The march and rally were the culmination of a day that began with protests. Teachers at some schools around Tucson and elsewhere in Arizona staged “walk ins” before the school day began. They wore red, talked with parents and others about their movement to win higher pay and school funding, and then walked into the building together. Organizers say they did not want to stage a protest that would force teachers to miss work and students to miss school.
Signs and stickers at the rally read, “I don’t want to strike, but I will.”
Kevin Dix, a school counselor, says he was a teacher for nearly two decades before becoming a counselor. He held one of the signs threatening a strike.
“I’m trying to send that message and there's a lot of support for that here. This is our only thing left, if we don't make noise they're not going to hear us,” Dix said, referring to Governor Ducey and state legislators.

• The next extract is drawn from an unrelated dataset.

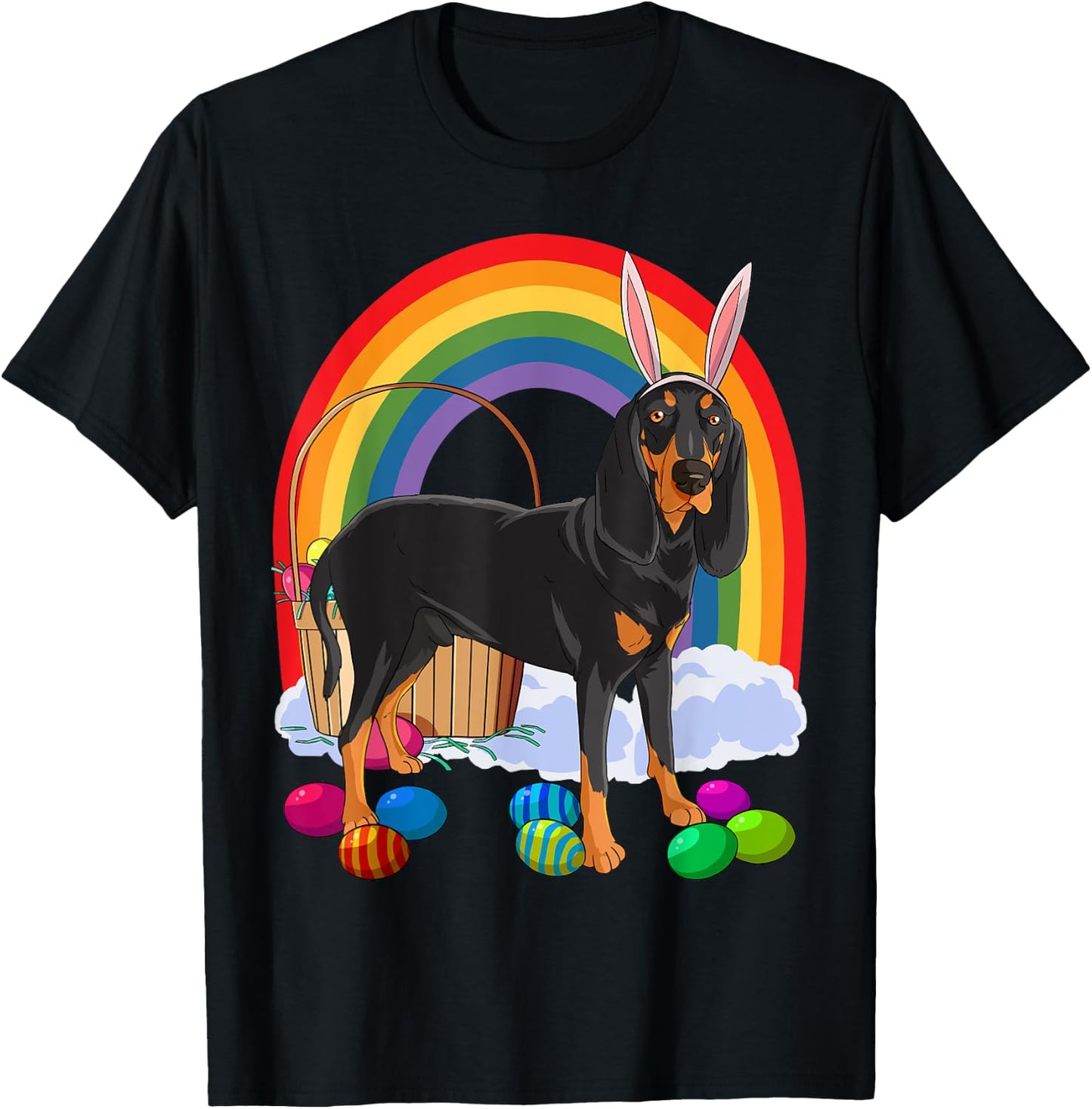 Black and Tan Coonhound Easter Eggs Bunny Dog T-Shirt - T-Shirt | Black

While some Arizona educators have called for state-wide walkouts, especially on social media, as teachers fight for higher pay, Jason Freed, Tucson Education Association President, said he and other labor organizers are still just discussing their options but he did not expressly rule them out. A formal strike would be a drastic step for teachers and could bring serious consequences.

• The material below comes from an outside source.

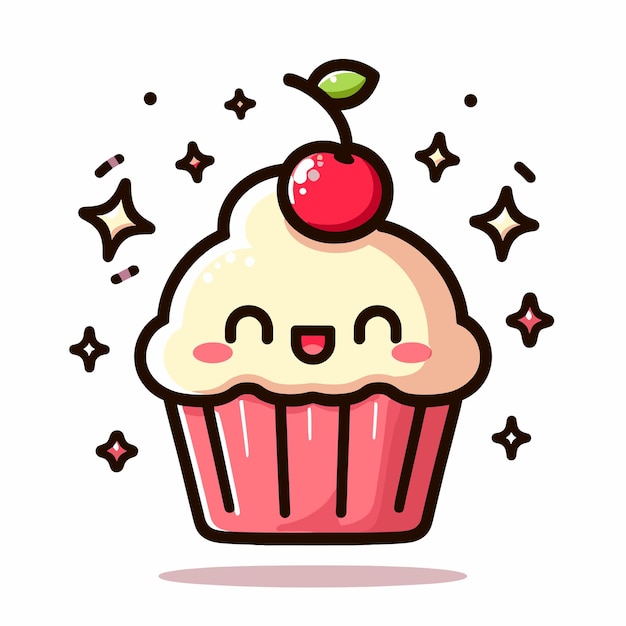 체리와 별이 있는 귀여운 컵케이크 웃는 행복한 페이스트리 벡터 그림 카와이 컵케이크 아이콘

In the 1970's the Arizona Attorney General's Office stated that while there is not a specific law outlawing a teacher strike if one does occur it would be illegal and participants may lose their certifications.

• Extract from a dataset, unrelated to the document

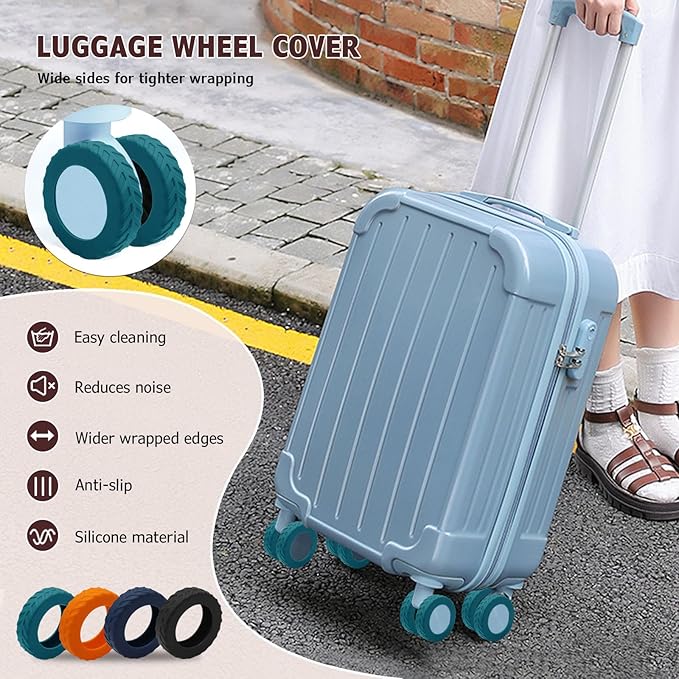 XYOFUN Luggage Wheel Covers - Upgraded 8-Pack Anti Dust & Scratch Noise Reduction Carry On/Travel Suitcase Wheel Protector - For 2-2.4" wheels - Lake Blue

A spokesperson for Attorney General Mark Brnovich said his office is aware of that opinion, but it has not been asked to weigh in on the issue. The spokesperson said only the legislature as a whole, or the House or Senate, a public officer of the state, or a county attorney could make such a request.
Tricia Johnson, a fifth grade teacher, brought her children to the rally. She said she believes she is fighting for her family’s future saying many of her colleagues work extra jobs.
“We need money is the bottom line. Teachers are leaving, we're exporting teachers to states that pay more,” Johnson said.
A woman next to her held a sign that read, “I shouldn’t have to marry rich.”
Following the rally organizers announced plans for more “walk ins” April 11. They hope to have enough support to stage them at 1,000 schools.